Materials provided START

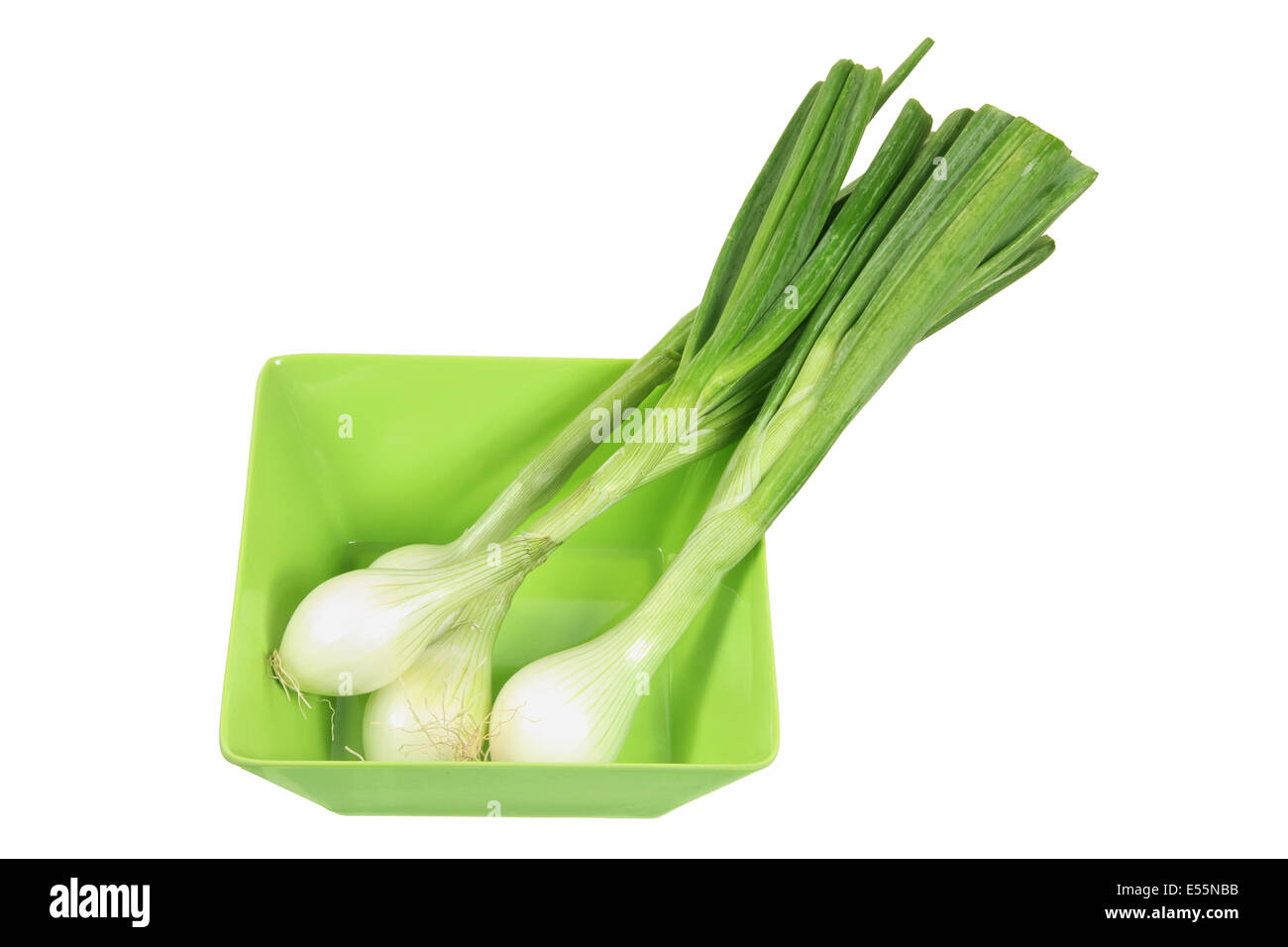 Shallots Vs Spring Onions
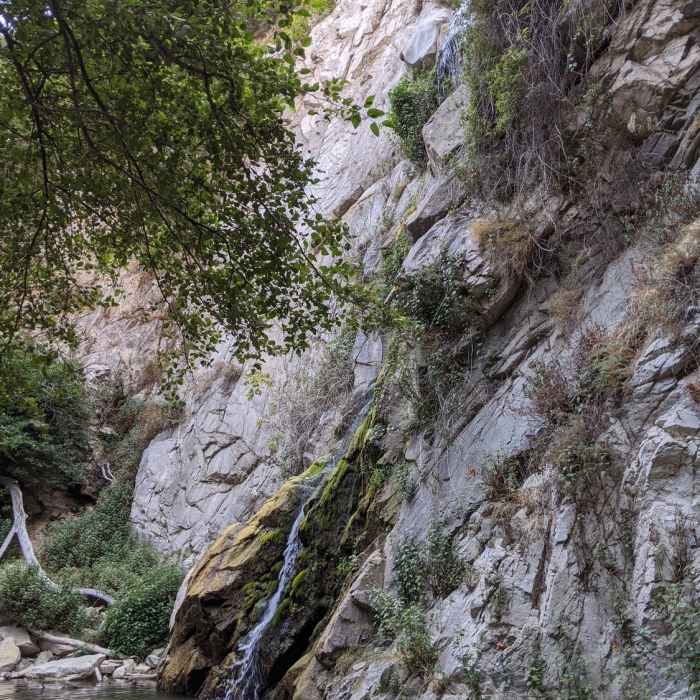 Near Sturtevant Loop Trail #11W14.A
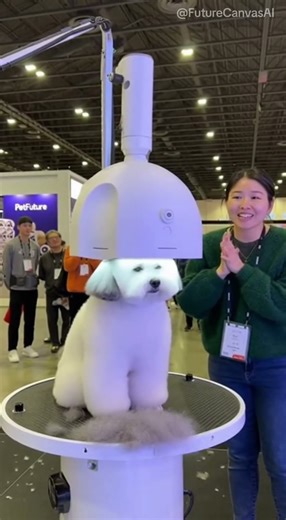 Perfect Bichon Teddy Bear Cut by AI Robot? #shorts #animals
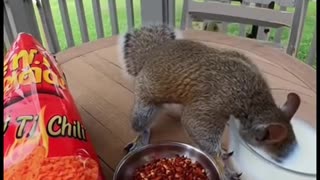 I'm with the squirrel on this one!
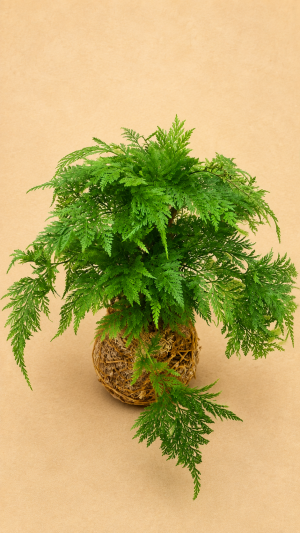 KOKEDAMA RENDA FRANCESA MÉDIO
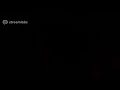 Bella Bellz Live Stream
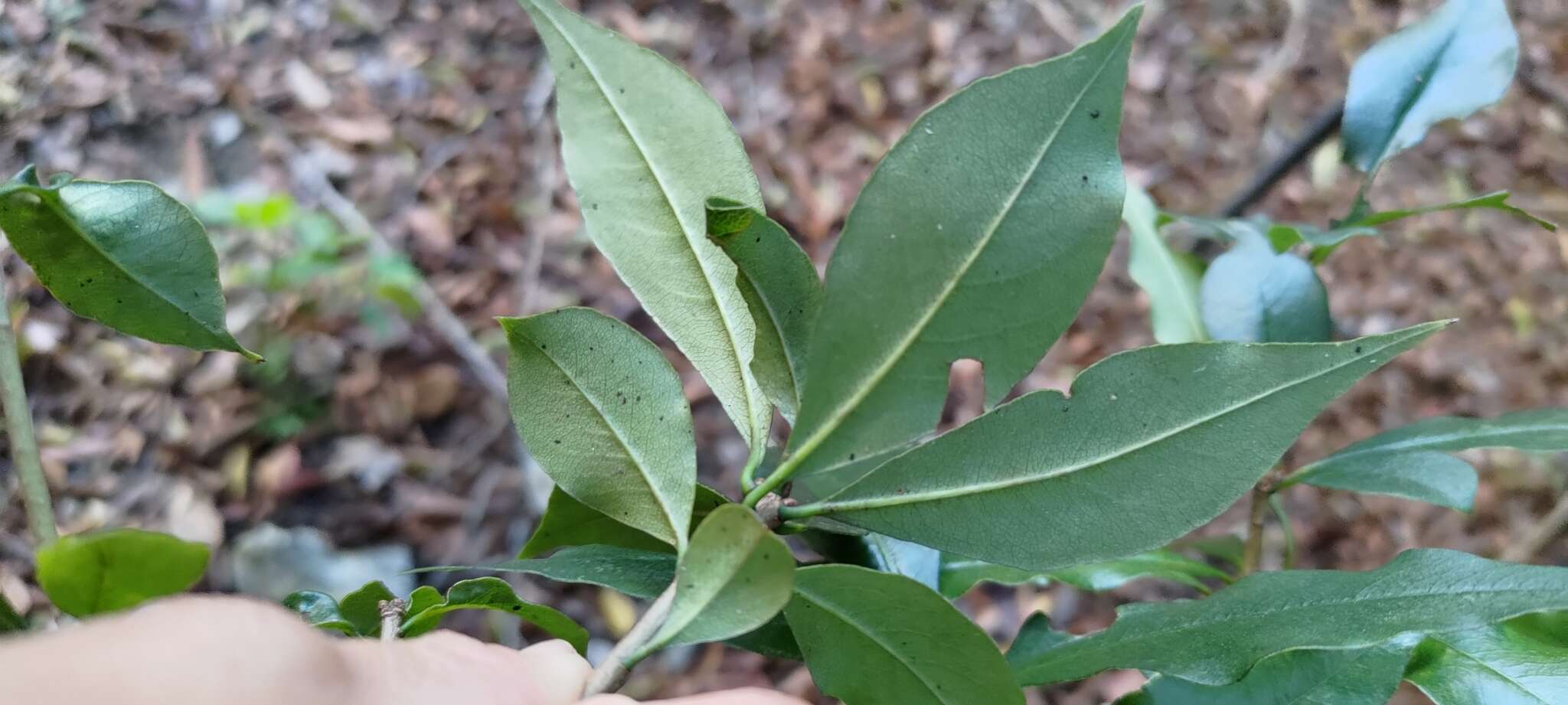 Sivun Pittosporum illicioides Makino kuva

Materials provided END

→ **Instructions for the task**:
The copy must begin with the line containing "KOKEDAMA RENDA FRANCESA MÉDIO", end with the last line of the material, match each line exactly, and hold no pictures.

→ **Your solution**:
 KOKEDAMA RENDA FRANCESA MÉDIO
 Bella Bellz Live Stream
 Sivun Pittosporum illicioides Makino kuva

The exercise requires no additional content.